▶ Dataset content:

####

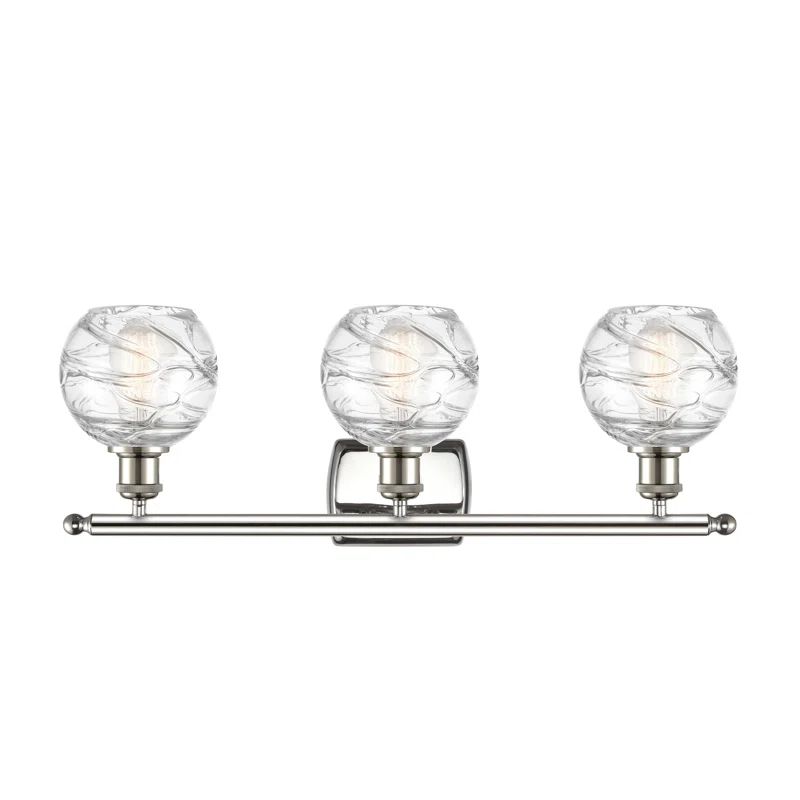 Polished Nickel 3-Light Dimmable Vanity Light with Swirl Glass Shades
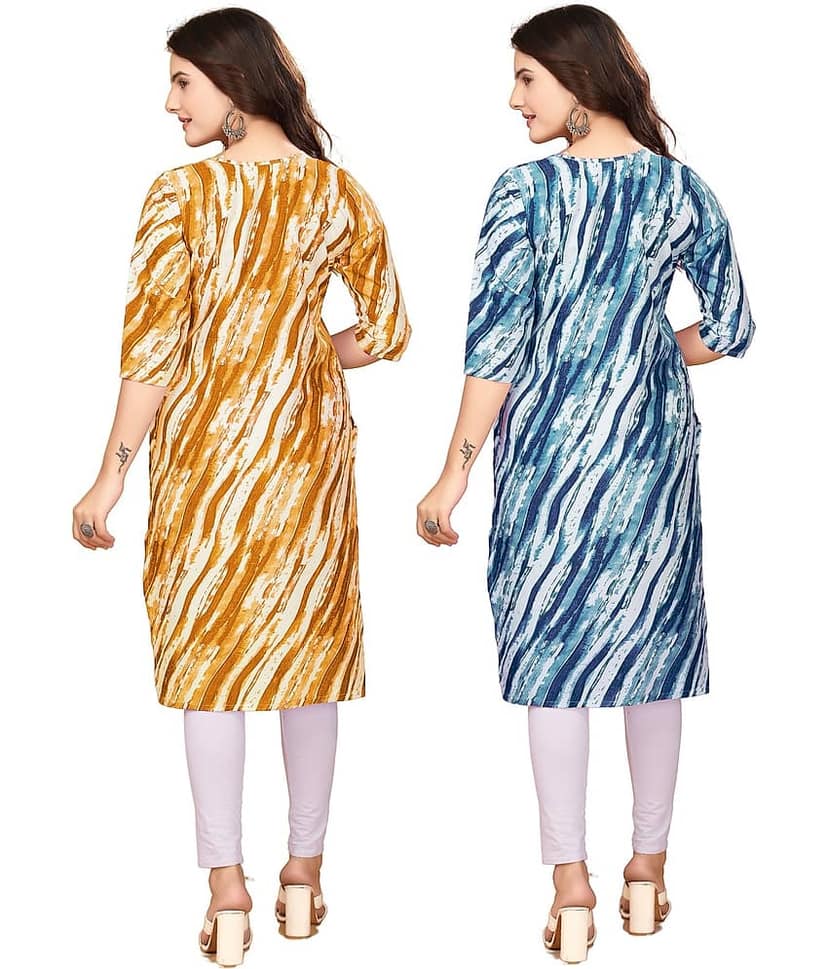 VACHHARAJ GROUP Crepe Printed Straight Women's Kurti - Yellow,Blue ( Pack of 2 ) view 2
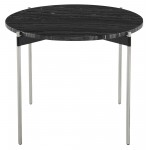 Pixie Black Wood Vein Stone Side Table, HGNA489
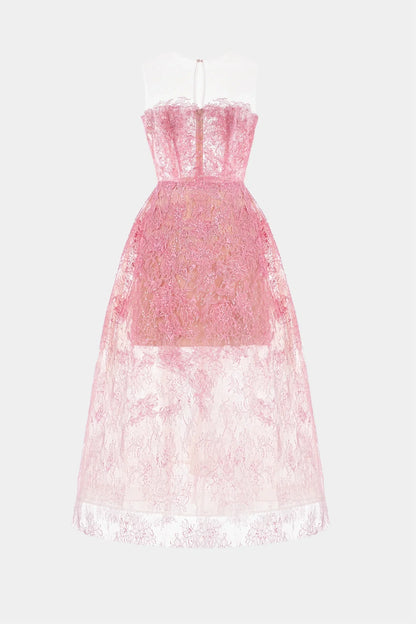 Batya Lace Sleeveless Midi Dress - Pink
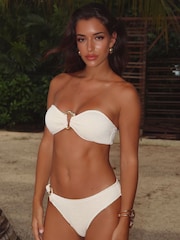Moda Minx Iconic Isle Mangole Scrunch Fabric Fixed Bikini Bottoms With Molten Hardware Detail - Image 3 of 4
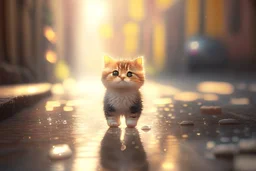 cute happy chibi cat standing on a wet cobblestone road in sunshine, ethereal, cinematic postprocessing, bokeh, dof
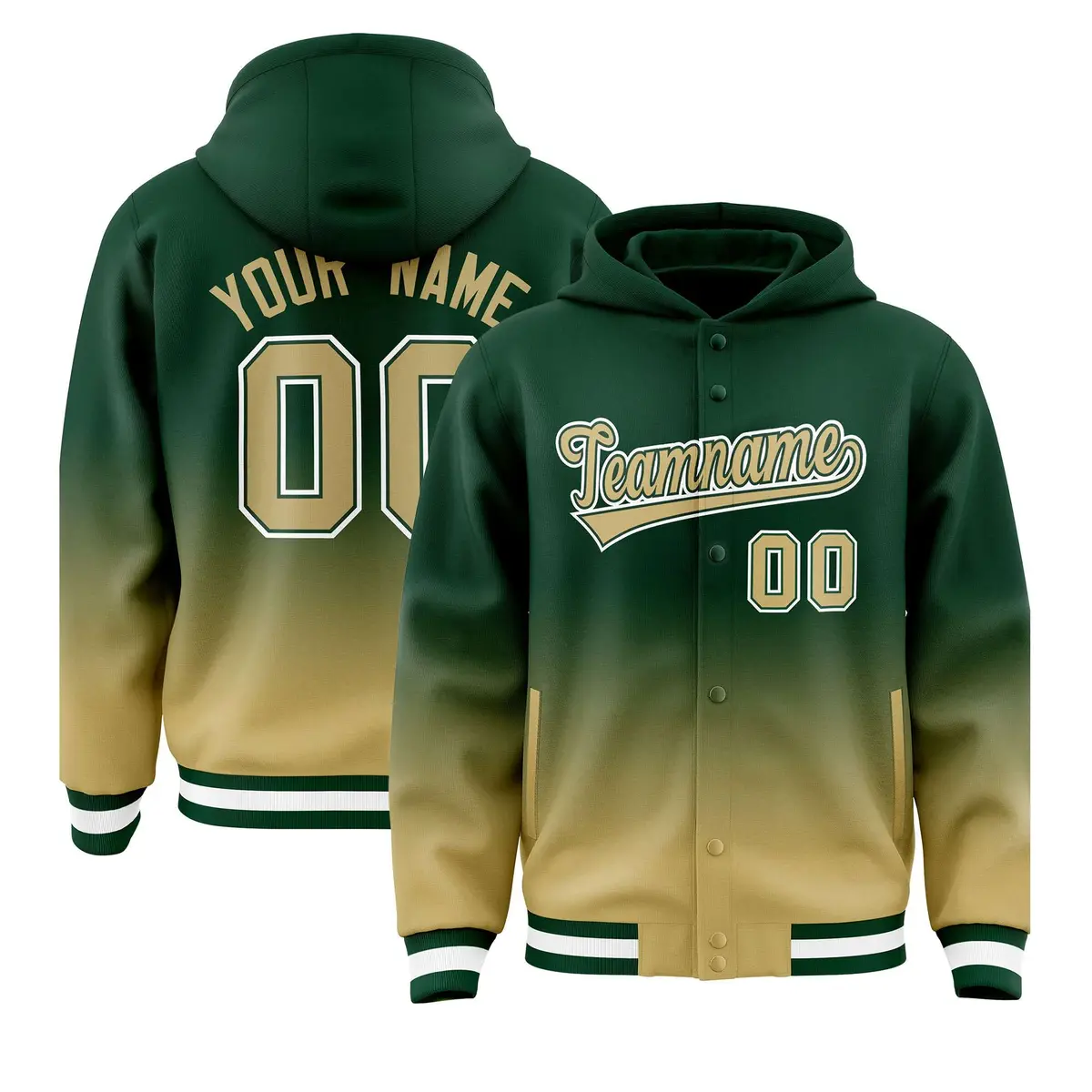 Green Khaki Gradient Letterman Varsity Jacket Hoodie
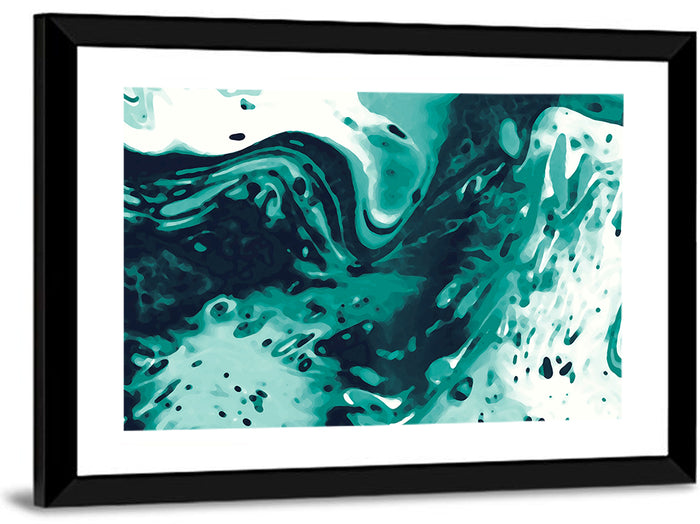 Teal Wave Abstract Wall Art as a framed print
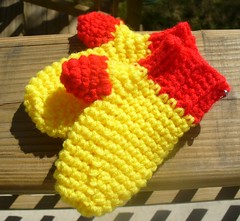 red and yellow mittens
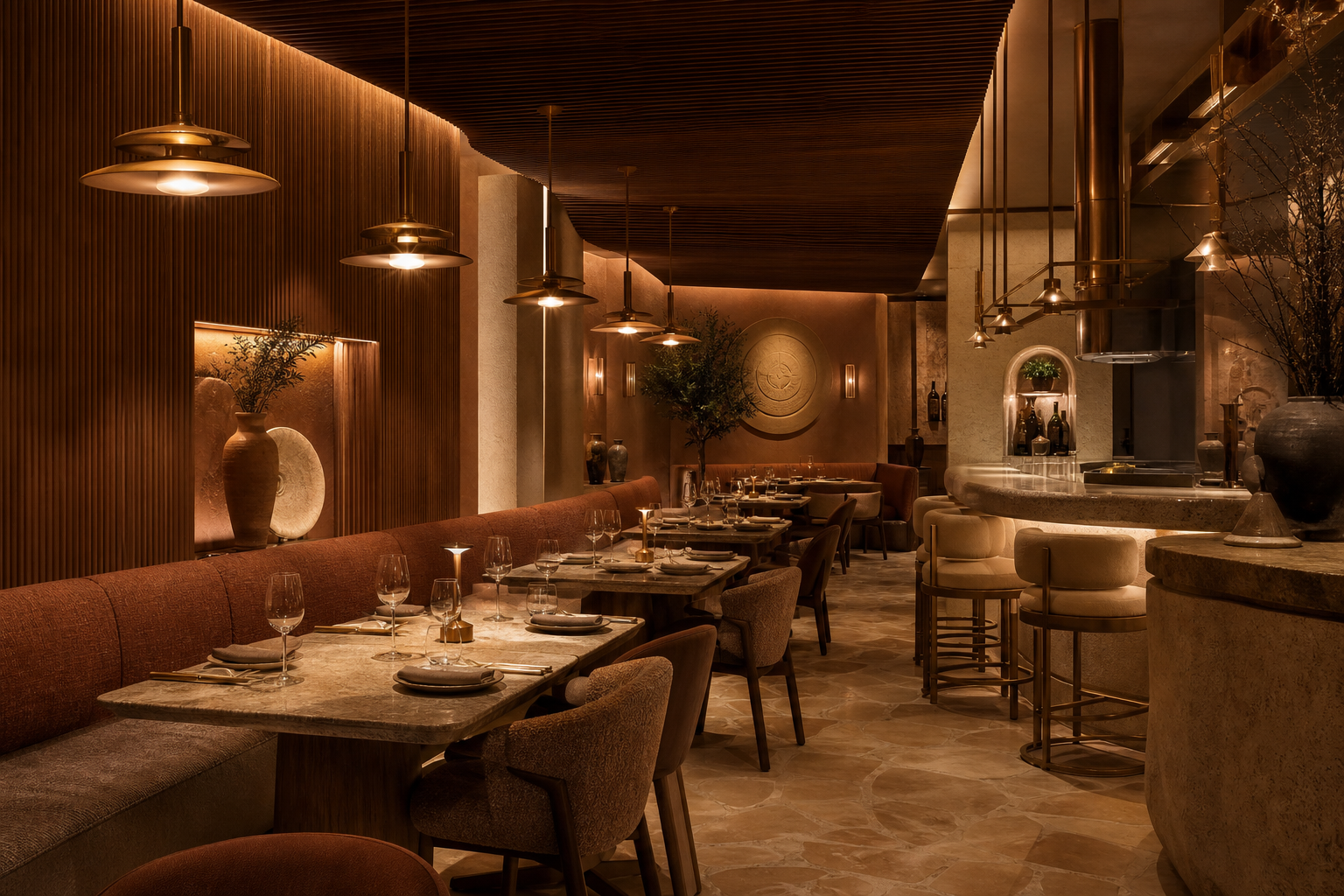 A warm contemporary Dubai restaurant interior with banquette seating, fluted timber, stone tables and layered pendant lighting, the result of considered front-of-house design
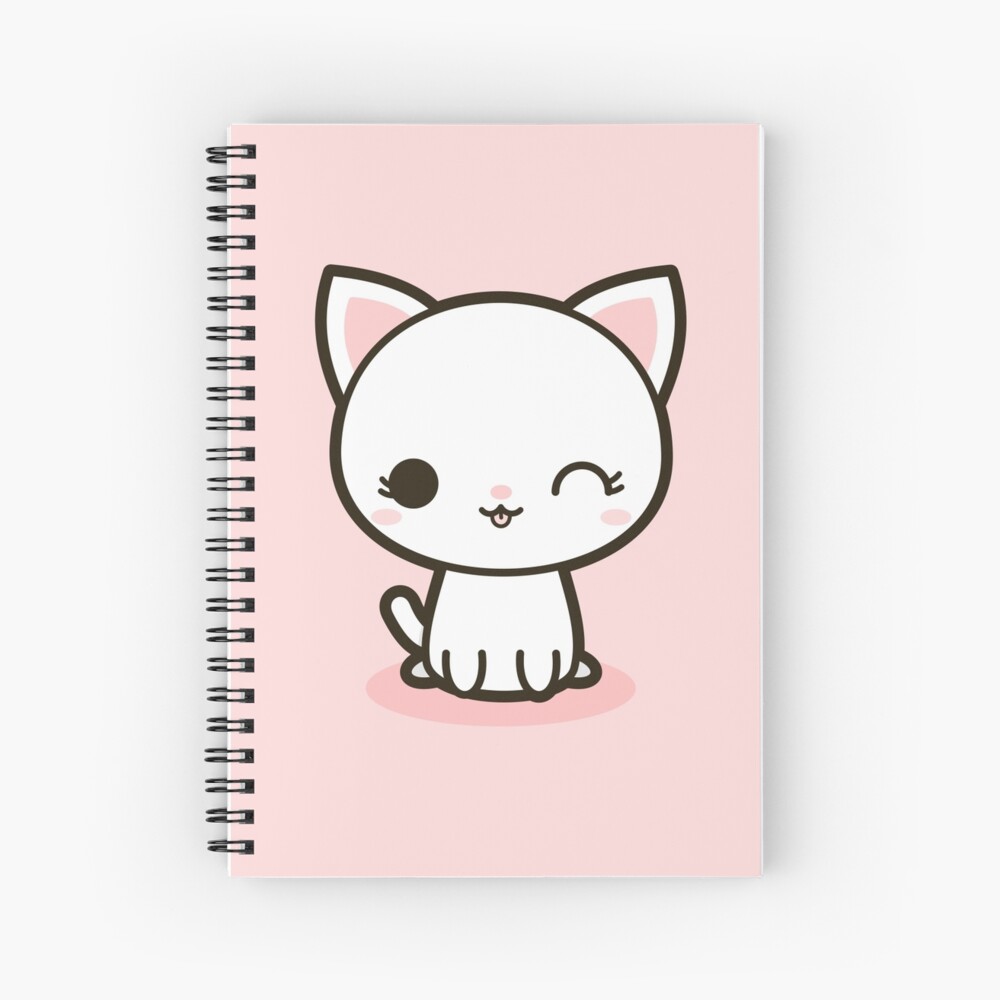 Cuaderno de espiral «Gato blanco kawaii» de peppermintpopuk | Redbubble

####

All of the data above is to be repeated exactly, with the pictures left out.

 Polished Nickel 3-Light Dimmable Vanity Light with Swirl Glass Shades
 VACHHARAJ GROUP Crepe Printed Straight Women's Kurti - Yellow,Blue ( Pack of 2 ) view 2
 Pixie Black Wood Vein Stone Side Table, HGNA489
 Batya Lace Sleeveless Midi Dress - Pink
Moda Minx Iconic Isle Mangole Scrunch Fabric Fixed Bikini Bottoms With Molten Hardware Detail - Image 3 of 4
 cute happy chibi cat standing on a wet cobblestone road in sunshine, ethereal, cinematic postprocessing, bokeh, dof
 Green Khaki Gradient Letterman Varsity Jacket Hoodie
 Teal Wave Abstract Wall Art as a framed print
 red and yellow mittens
 A warm contemporary Dubai restaurant interior with banquette seating, fluted timber, stone tables and layered pendant lighting, the result of considered front-of-house design
 Cuaderno de espiral «Gato blanco kawaii» de peppermintpopuk | Redbubble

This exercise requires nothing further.